Contexte épidémiologique : personnes âgées et réhospitalisations

Les personnes âgées

Les personnes âgées sont définies comme des personnes de plus de 75 ans ou polypathologiques et de plus de 65 ans (1). A l’échelle de la France, les projections démographiques de l’INSEE prévoient qu’en 2050, 22,4 millions d’habitants seront âgés de plus de 60 ans, soit 85 % de plus qu’en 2000 .

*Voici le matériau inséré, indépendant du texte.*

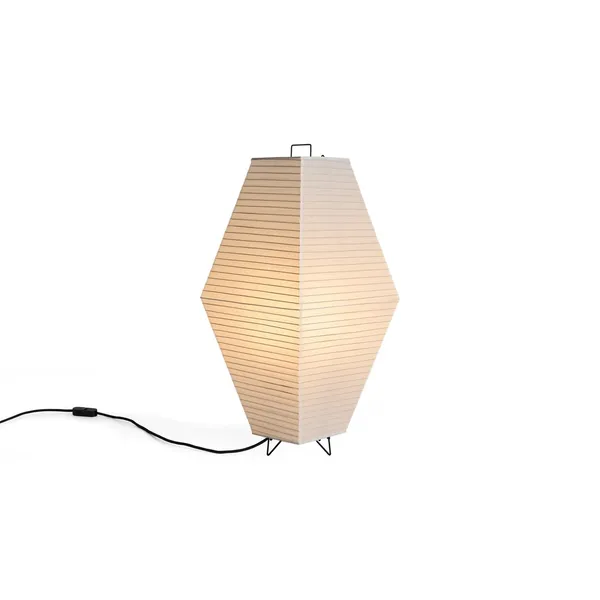 Paper Shade Prism Shade for Table/Floor Lamp Without Cord Classic White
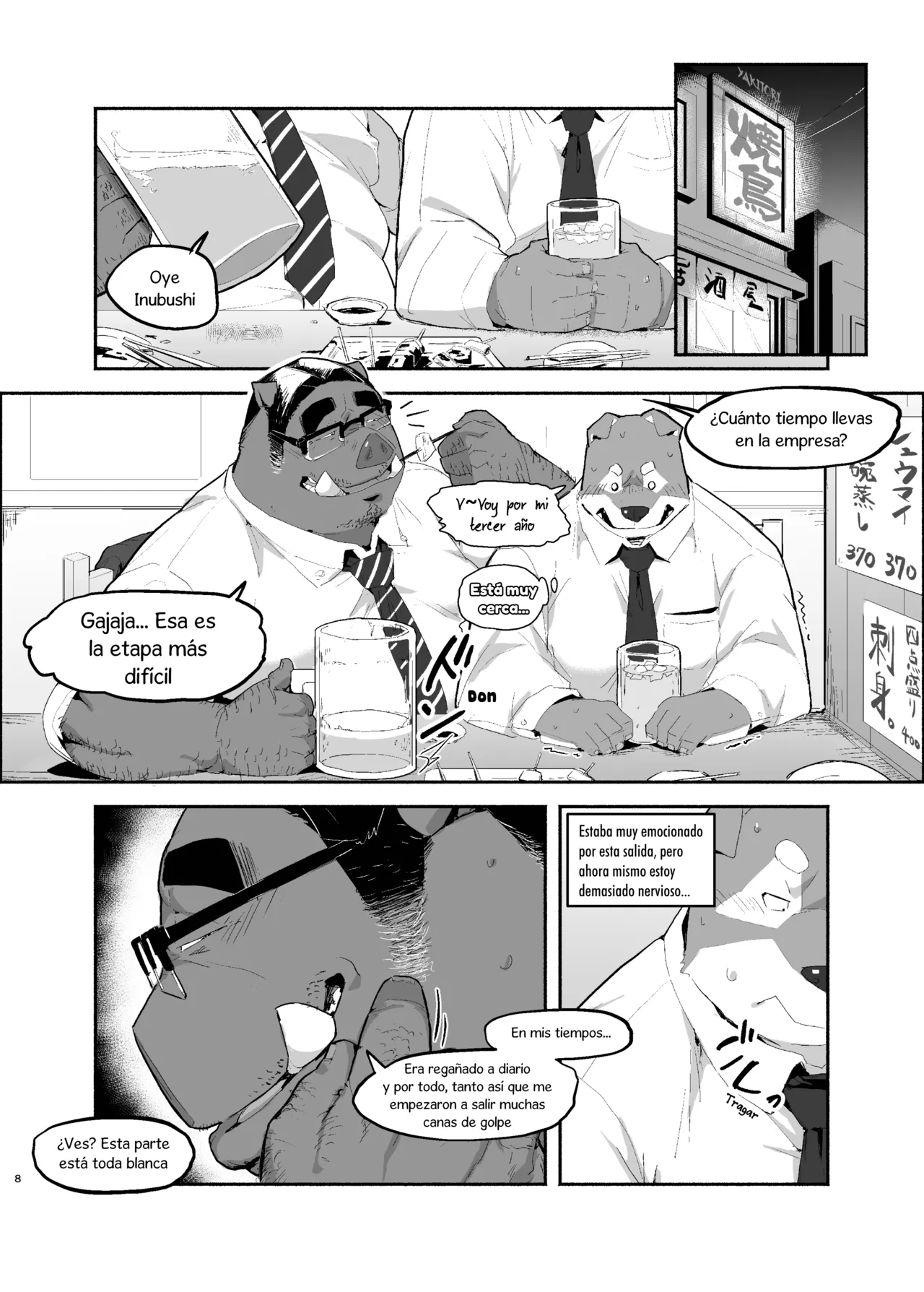 ¡Quiero Verle "Sus Partes" a mi Apestoso Jefe Jabalí Maduro! page 6 full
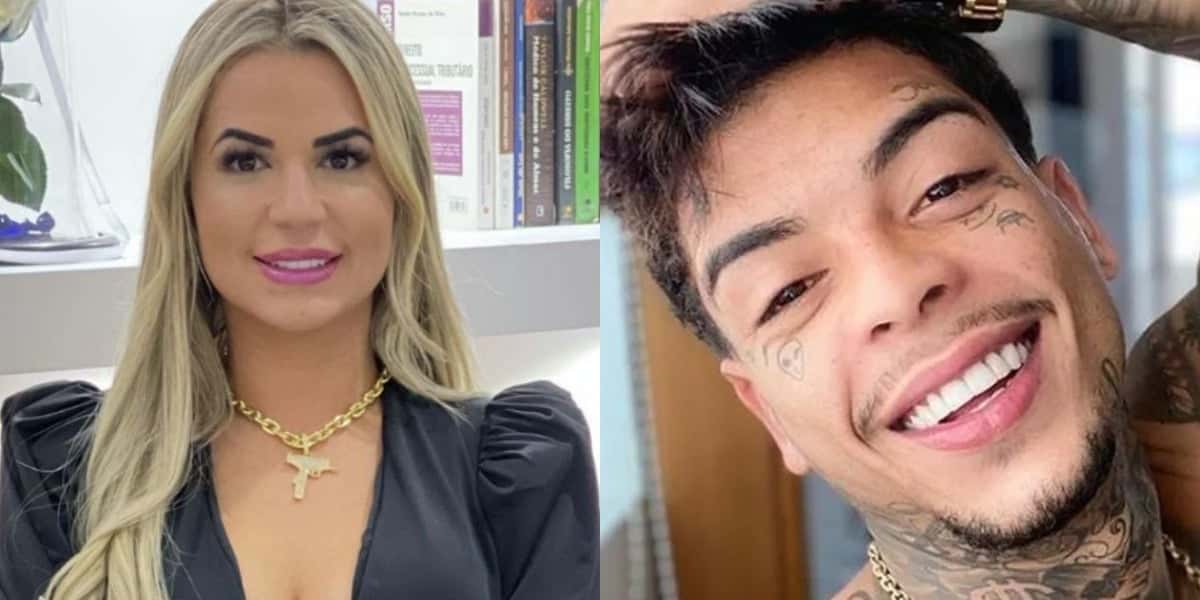 Deolane Bezerra foi detonada por uma amigo de MC Kevin (Foto: Reprodução)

Le vieillissement de la population est un phénomène mondial, en partie lié à l’amélioration des systèmes de soins et des contextes socio-économiques (4). En France, ce vieillissement s’explique également par l’arrivée à ces âges des générations issues du baby-boom – nées entre 1946 et 1975 -, par un allongement de la durée de vie – estimation de l’espérance de vie à la naissance de 89 ans pour les femmes en 2050 – et par le maintien d’un solde migratoire positif (2). Les personnes âgées sont des personnes fragiles, chez lesquelles la présence concomitante de plusieurs pathologies est fréquente : une revue systématique récente a évalué que 95,1 % des patients de 65 ans et plus étaient polypathologiques, c’est-à-dire atteints simultanément d’au moins deux maladies chroniques (5–7). La fragilité et la polypathologie exposent les patients âgés à une polymédication, définie par la prise régulière journalière d’au moins cinq médicaments. La polymédication augmente le risque d’interactions médicamenteuses et de survenue d’iatrogénie médicamenteuse (8). Ainsi, il a été montré dans un service d’urgences que le risque d’interaction est de 38 % lorsque l’on associe 4 médicaments et augmente jusqu’à 87 % avec 7 médicaments ou plus (9). Garcia-Caballos et al. (3) ont réalisé une revue systématique en 2010, afin d’identifier les drug-related problems (DRP ou problèmes liés aux médicaments) et de déterminer leur fréquence chez la personne âgée. Ils ont identifié 20 études, publiées entre janvier 1998 et décembre 2009, décrivant des DRP et les interventions proposées pour les prendre en charge. Les résultats montrent que l’incidence des DRP varie de 18,4 % (sur-observance médicamenteuse dans les deux semaines suivant la sortie d’hospitalisation) à 37,5 % (modification non appropriée du traitement médicamenteux dans le mois suivant la sortie d’hospitalisation). Ces DRP peuvent avoir des conséquences délétères chez les personnes âgées, notamment des réhospitalisations qui peuvent à leur tour entraîner une augmentation de la dépendance et du déclin physique, fonctionnel ou psychosocial (10).

Les réhospitalisations

Les réhospitalisations précoces évitables (RPE) répondent aux critères suivants : hospitalisations non programmées, en lien avec le séjour précédent et survenant dans les 30 jours suivant la sortie d’hospitalisation (11). De par leur fragilité et leur polymédication, les personnes âgées sont particulièrement à risque de RPE : entre 5 et 35 % des patients hospitalisés âgés de 75 ans et plus seront réhospitalisés dans les 30 jours suivant leur sortie d’hospitalisation (12). D’après la revue systématique de Van Walraven et al., 23,1 % de ces réhospitalisations sont jugées évitables (13). Ainsi, la loi n°2004-806 du 9 août 2004 de Santé Publique intégrait comme objectif majeur la réduction du risque de réhospitalisation des personnes âgées (14). Au niveau hospitalier, la réduction du risque de réhospitalisation passe par la mise en place d’interventions visant à assurer la continuité des soins en coordonnant la transition hôpitalville des patients âgés. La Haute Autorité de Santé (HAS) préconise d’assurer cette continuité des soins par (11) :
– le repérage dès l’admission des patients à haut risque de réhospitalisation,
– la préparation de leur sortie en lien avec leur médecin traitant,
– la mise à disposition des documents de sortie le jour même de la sortie,
– la coordination d’appui dans le suivi post-sortie avec l’équipe de soins primaires.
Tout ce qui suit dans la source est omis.